— DATA —
★ ★ ★ ★ ★

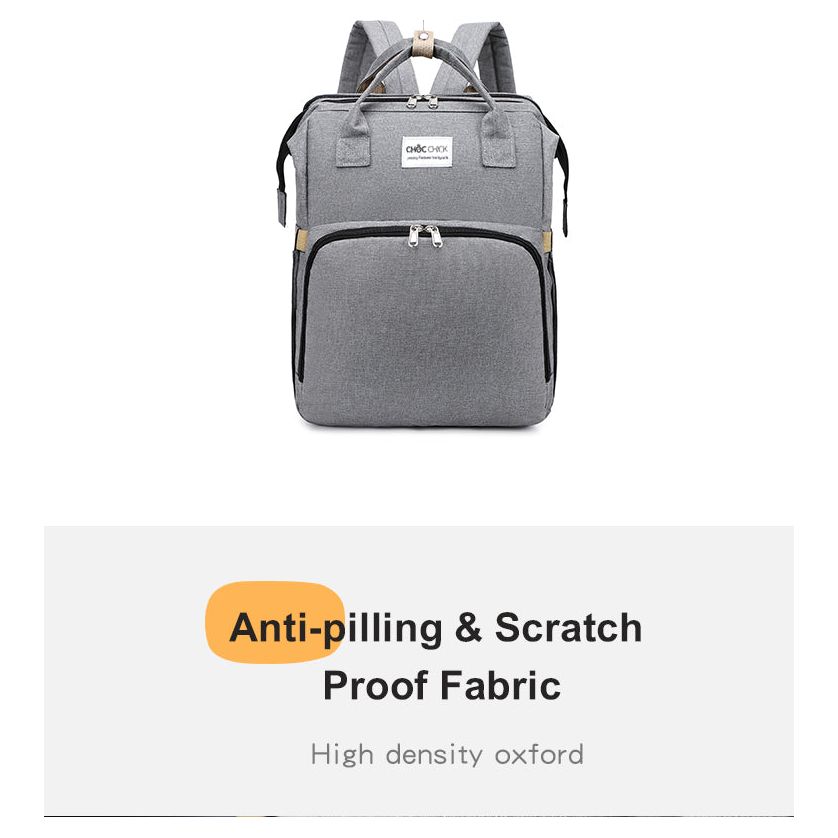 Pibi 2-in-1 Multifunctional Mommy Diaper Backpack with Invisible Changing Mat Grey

★ ★ ★ ★ ★

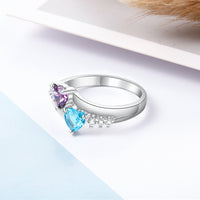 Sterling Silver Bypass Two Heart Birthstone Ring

★ ★ ★ ★ ★

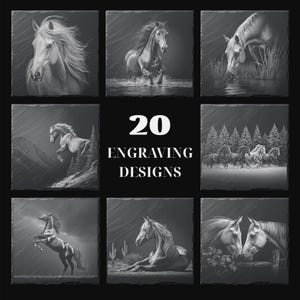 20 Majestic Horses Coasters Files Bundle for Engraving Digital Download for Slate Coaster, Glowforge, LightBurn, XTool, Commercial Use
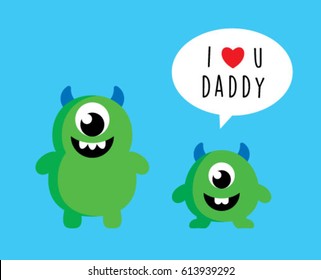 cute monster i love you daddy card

★ ★ ★ ★ ★

Everything above from the line that has "20 Majestic Horses" down to the line that has "cute monster i love you daddy card" should be output exactly, with both of those lines included. Leave the pictures behind.

— SOLUTION TO THIS PROBLEM —
 20 Majestic Horses Coasters Files Bundle for Engraving Digital Download for Slate Coaster, Glowforge, LightBurn, XTool, Commercial Use
 cute monster i love you daddy card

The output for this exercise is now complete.